--- What needs to be done ---
Write out every line exactly, from the start of the records below to the line with "used 2025 Mercedes-Benz", and stop there. Don't write out the pictures.

--- Source data ---
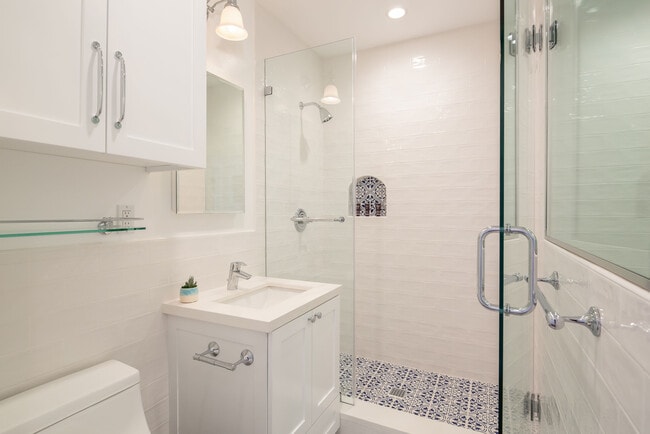 Photo - 915 Manhattan Ave Unit D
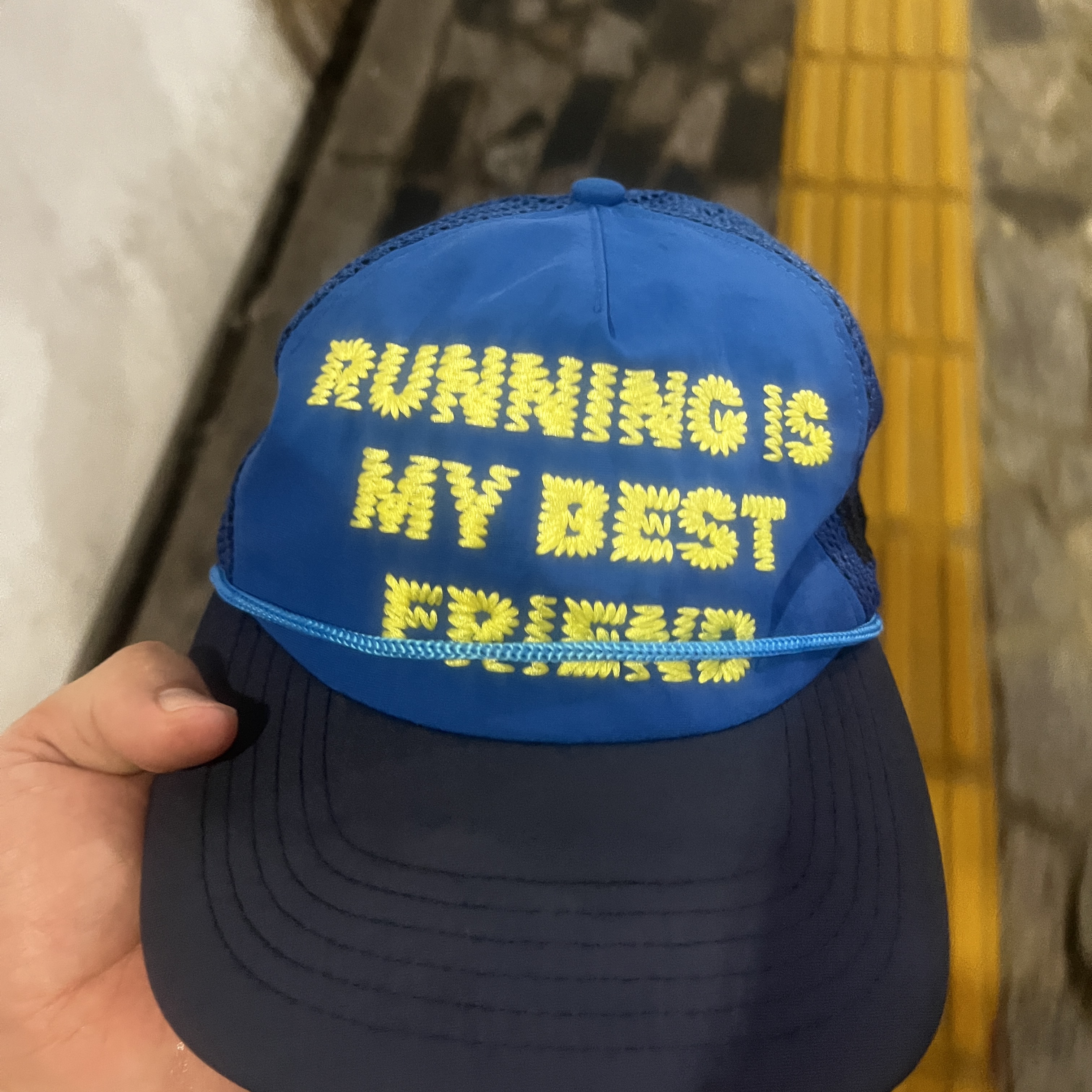 Alex Zono Running Is My Best Friend Trucker Blue, Salomon XT-6 Cathay Spice 착용 스타일 - 2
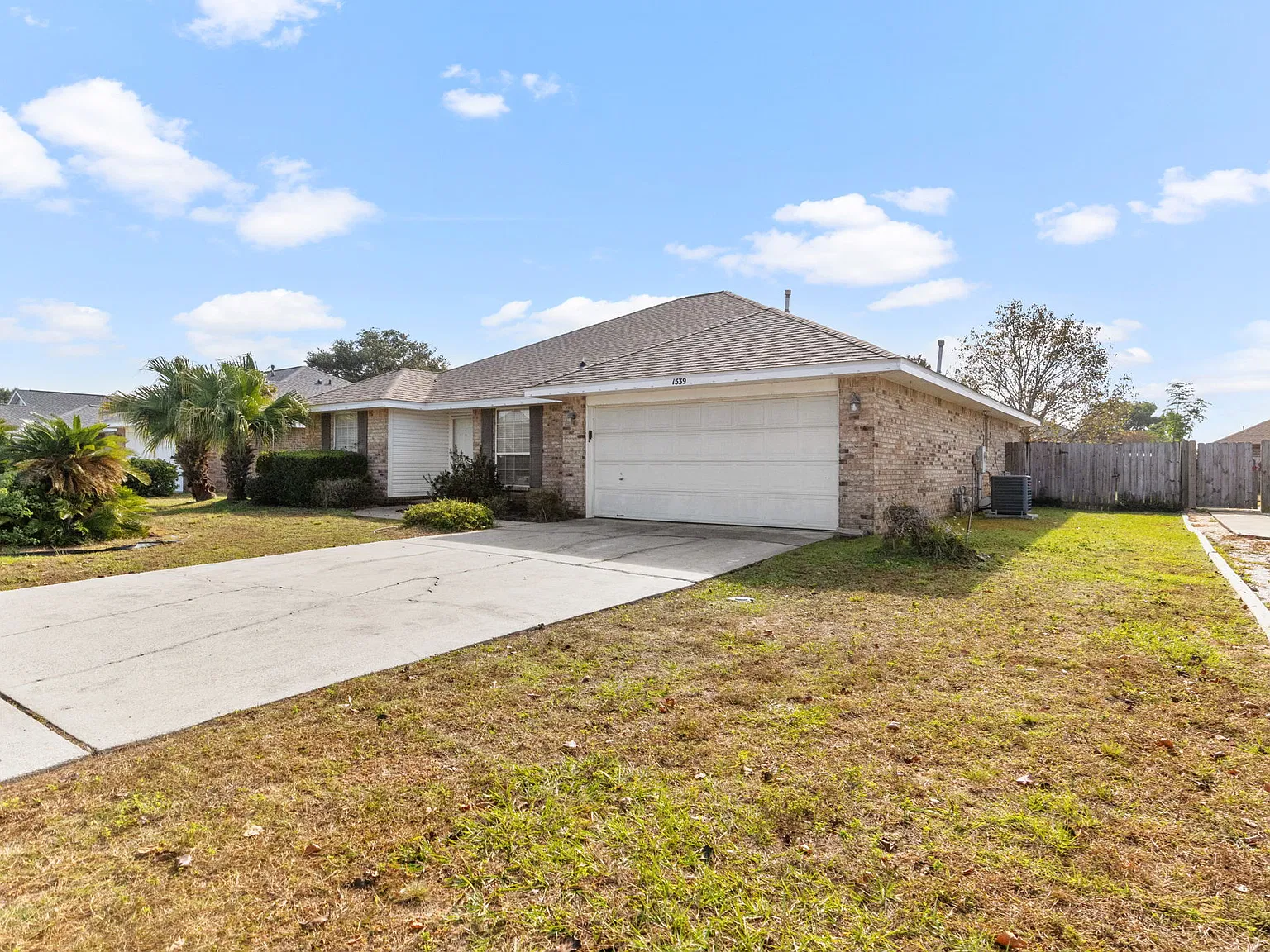 4 bed, 1962 sqft, $3,300 — Photo 2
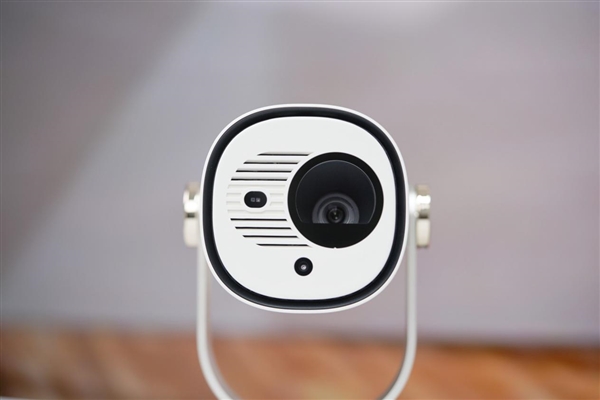 一体式云台设计 各角度随意投!当贝Smart 1图赏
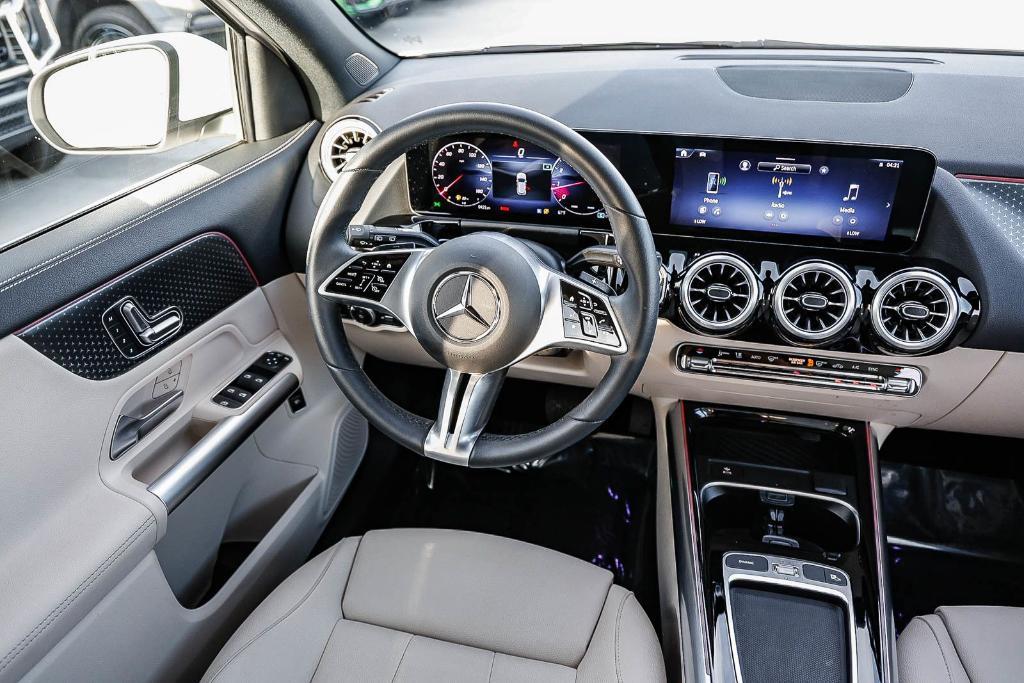 used 2025 Mercedes-Benz GLA 250 car, priced at $38,990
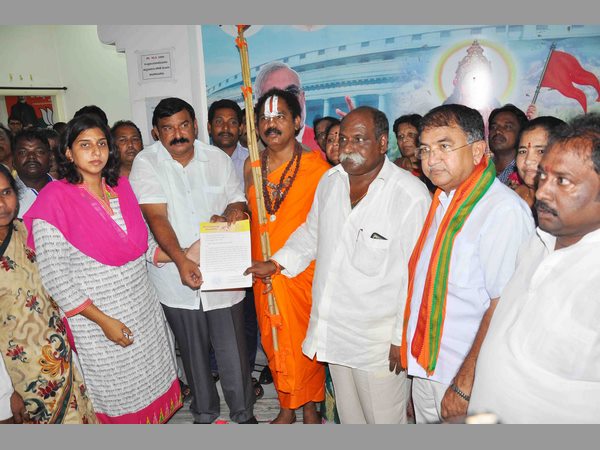 ఏపీకి ప్రత్యేకహోదా: పీఠాధిపతి అవతారం ఎత్తిన టీడీపీ ఎమ్మెల్యే ఏపీకి ప్రత్యేకహోదా: పీఠాధిపతి అవతారం ఎత్తిన టీడీపీ ఎమ్మెల్యే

--- Result ---
 Photo - 915 Manhattan Ave Unit D
 Alex Zono Running Is My Best Friend Trucker Blue, Salomon XT-6 Cathay Spice 착용 스타일 - 2
 4 bed, 1962 sqft, $3,300 — Photo 2
 一体式云台设计 各角度随意投!当贝Smart 1图赏
 used 2025 Mercedes-Benz GLA 250 car, priced at $38,990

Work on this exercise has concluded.